### [GIVEN DATA]
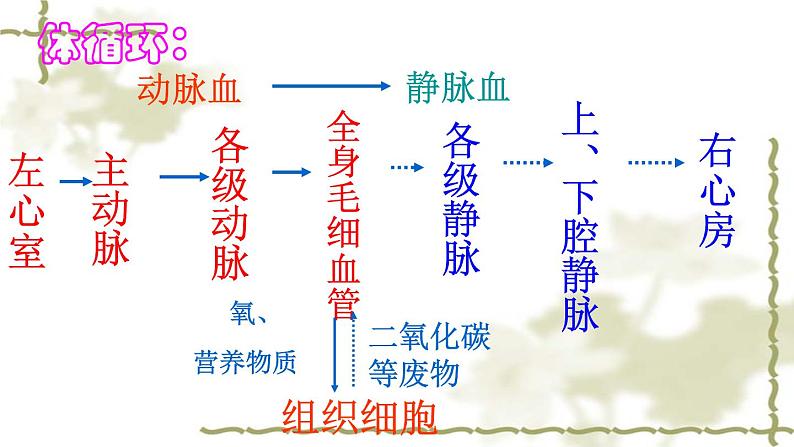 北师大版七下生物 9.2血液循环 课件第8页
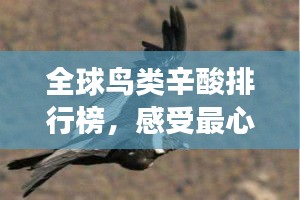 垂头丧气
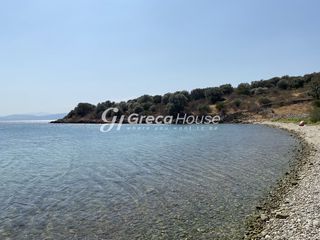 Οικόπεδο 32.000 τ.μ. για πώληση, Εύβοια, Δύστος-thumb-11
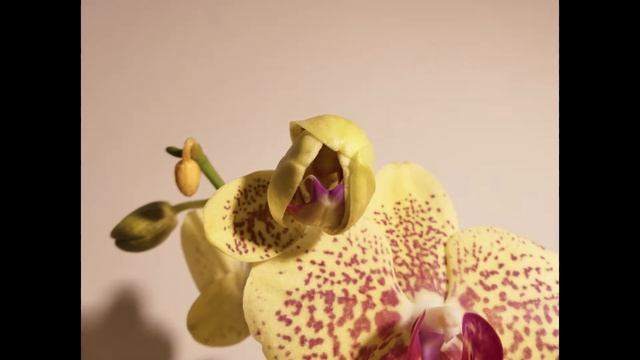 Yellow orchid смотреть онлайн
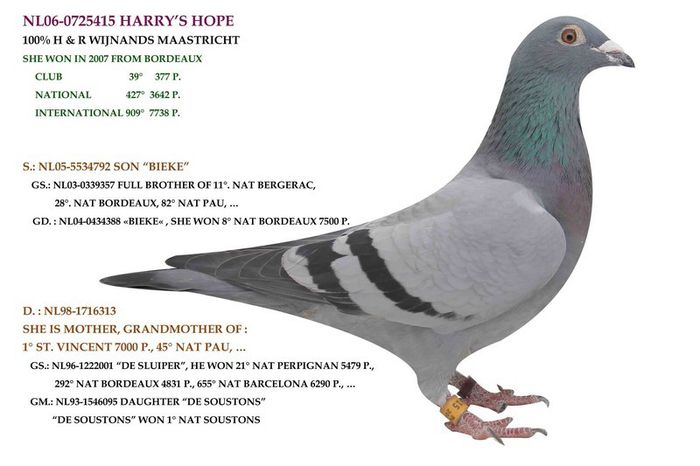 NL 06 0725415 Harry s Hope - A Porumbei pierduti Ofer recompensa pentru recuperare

==

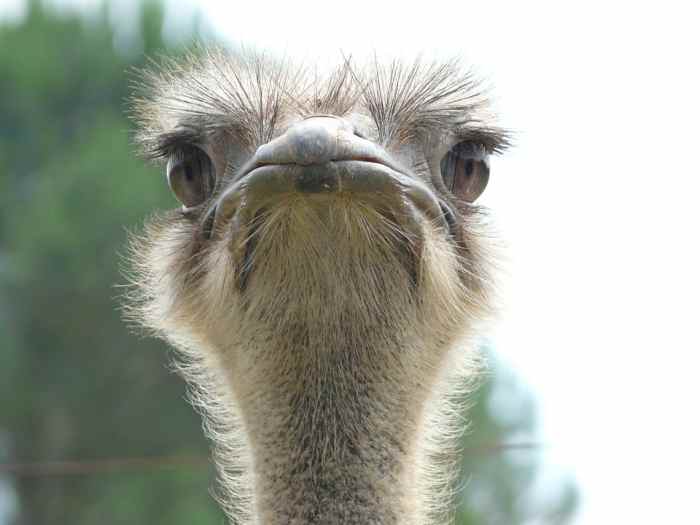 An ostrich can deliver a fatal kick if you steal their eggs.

### [WORK ORDER]
In the records above, find the line with "北师大版七下生物 9.2血液循环 课件第8页" and the line with "NL 06 0725415". Write out exactly those lines and every one between, with no pictures and no other lines.

### [TASK ANSWER]
 北师大版七下生物 9.2血液循环 课件第8页
 垂头丧气
 Οικόπεδο 32.000 τ.μ. για πώληση, Εύβοια, Δύστος-thumb-11
 Yellow orchid смотреть онлайн
 NL 06 0725415 Harry s Hope - A Porumbei pierduti Ofer recompensa pentru recuperare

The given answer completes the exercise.